The distribution of multimedia content streams in IP (Internet Protocol) network contexts requires to tackle many issues, coming from the specific context itself and from the users' perception and expectation; this information can be derived from the exploitation of similar services historically available in other domains.
The problem of measuring the quality of audio and/or video streaming distribution starting from the analysis of the network used for the provisioning and fruition of such contents has already been addressed in the art.
However, traditional methods of measurement, based on measuring network parameters without estimating the correlation among them, fail to estimate the quality of service from an end user point of view.
In order to estimate the true user's perception, it would be necessary to measure the quality of received content (audio, video, IPTV, VoIP, VOD, shared content) in the same or similar condition the user is when he/she is actually engaged in the content's fruition. This may not be possible by only measuring network parameters.

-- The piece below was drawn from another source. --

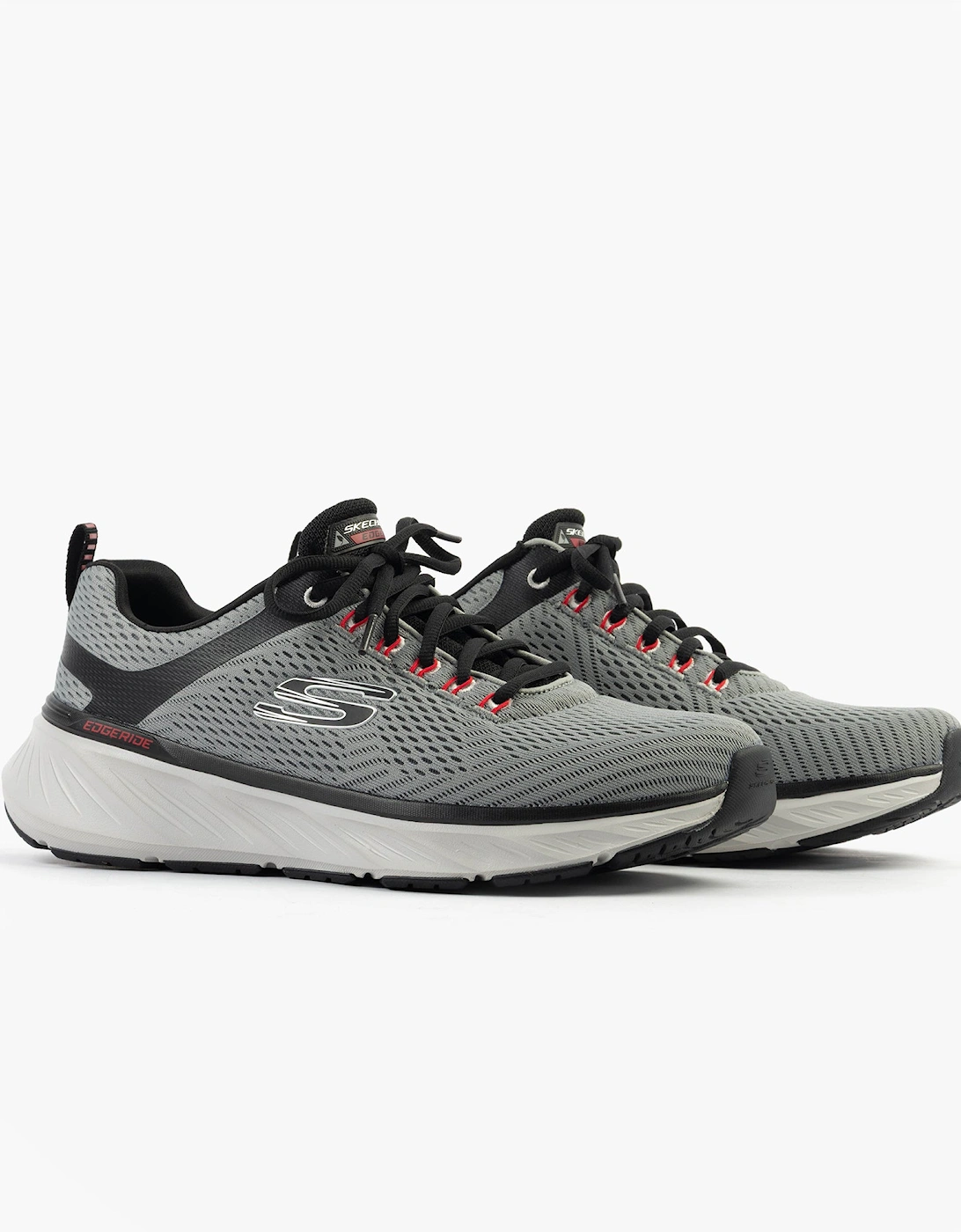 EDGERIDE - CONTENTION Mens Trainers Charcoal/Black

For example, measuring the available bandwidth is not a sufficient index of the quality perceived by the user during the content's fruition. A same degree of network performance degradation can have a completely different impact on the quality of the service as perceived by different users and in respect of different services, i.e. different distributed contents: for example, in the case of the vision of a movie, a high packet loss rate can be perceived by the users in a different way, depending on the movie's required bandwidth (if the required bandwidth is high, a high packet loss rate has heavier consequences on the users' perception than if the required bandwidth were lower).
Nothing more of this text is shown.